Tu en as quand même conscience, ou…
Mais évidemment ! La virtuosité, la vraie, peut être l’un des marqueurs différenciant entre le professionnel et l’amateur, voire entre le professionnel et l’amateur de haut niveau… voire, plus largement, entre celui qui maîtrise complètement son instrument et celui qui l’affronte avec des moyens limités. Et, moi, quelqu’un qui joue avec des moyens limités avec des œuvres à sa portée, aucun problème, évidemment.

 

 

 

« Le défi musical, j’aime beaucoup aussi »

 

Ce que tu dénonces sans le dénoncer, ce sont certains pianistes reconnus qui ne sont pas à la hauteur de…
Non, je ne dénonce rien ni personne. Je constate des faits. Et, encore une fois, on retrouve ça au récital comme en concours. Un candidat qui opte pour la Toccata de Ravel et qui la balance à la perfection, ça veut dire quelque chose sur ce qu’il vaut, évidemment. Le suivant, quand il arrive avec des préludes et fugues et un petit Debussy, ça risque d’être un peu juste pour lui. C’est pas une histoire de compositeurs, c’est une histoire d’adéquation entre un programme et un instant. Si tu dois prouver ce que tu vaux pour aller chercher un prix, il faut clairement des partitions plus épicées pour marquer le jury en l’impressionnant.

Comme on est dans un entretien sur la musique classique, on ne parlera pas de sortir ses cojones, évidemment. Toutefois, toi-même, aujourd’hui, en récital, tu aimes à envoyer du pâté de façon inattendue. Par exemple, à France-Amériques, tu as glissé les démoniaques Réminiscences de Norma dans un récital Chopin…
Ça, je le fais parce que j’aime le défi. Quand tu joues des trucs comme ça, t’as intérêt à être sacrément à la hauteur ! Mais, après les concerts où j’ai glissé un défi technique, je ne pense pas tellement à ce que j’ai bien passé. Je pense plutôt des trucs comme : « Je suis content de mon Schubert du début, j’étais à l’aise sur le piano, j’ai timbré comme j’ai voulu, j’avais un bon son, j’ai hâte de le réécouter… » D’autant que le plus difficile, c’est pas toujours ce qui a l’air le plus difficile.

En quel sens ?
La Fantaisie de Chopin que je joue en ce moment, c’est l’une des œuvres les plus difficiles que j’ai jouées sur scène de toute ma vie, par exemple. Techniquement, c’est horrible. Globalement, c’est ingrat. En plus, on tourne en rond, ce qui est très périlleux pour la mémoire. Le passage central est super long… et y a même pas une fin à bravo ! Tout le contraire de la Polonaise héroïque.

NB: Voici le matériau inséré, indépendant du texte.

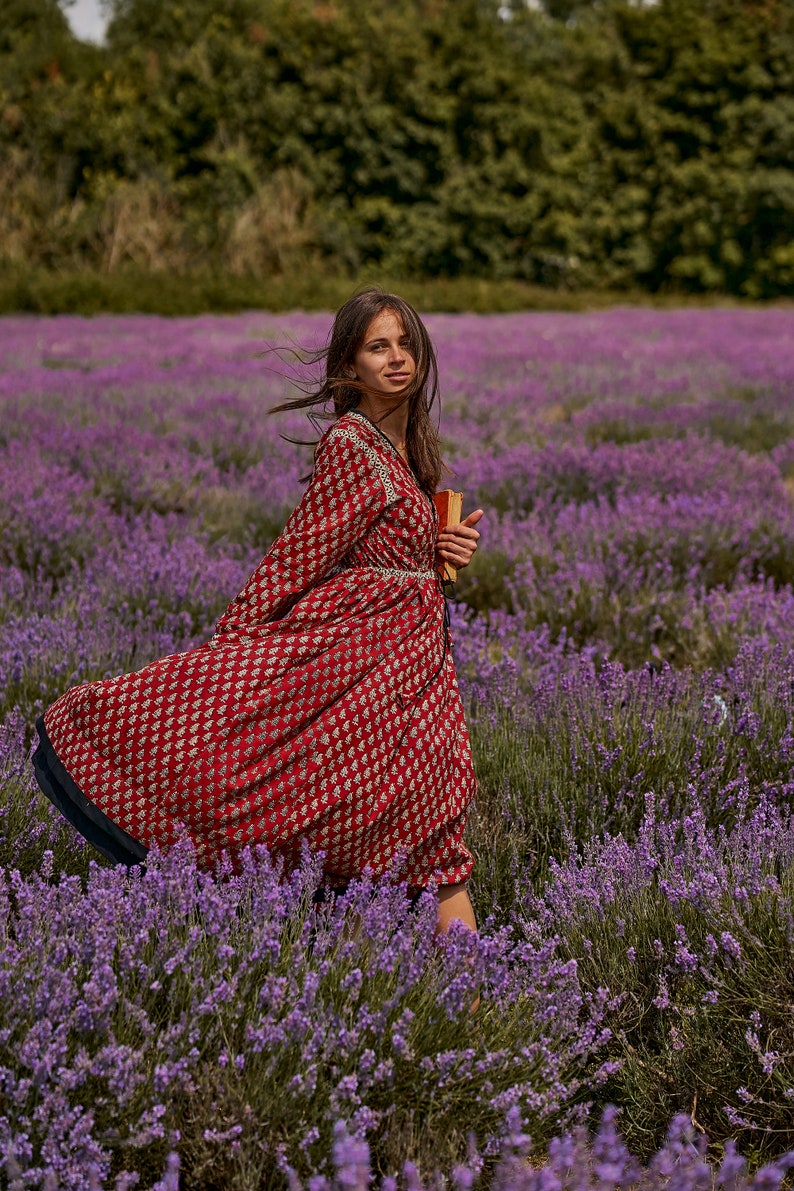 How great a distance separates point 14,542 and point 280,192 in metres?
Answer: 22.2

À la différence que la Polonaise héroïque est beaucoup jouée.
Oui, alors, là, c’est pas un mal parce que, pour te distinguer, tu dois aller chercher un niveau de réalisation supérieur. Le défi n’est pas que technique, il devient surtout musical, et j’aime beaucoup, beaucoup ça aussi !

 

 

 

À suivre…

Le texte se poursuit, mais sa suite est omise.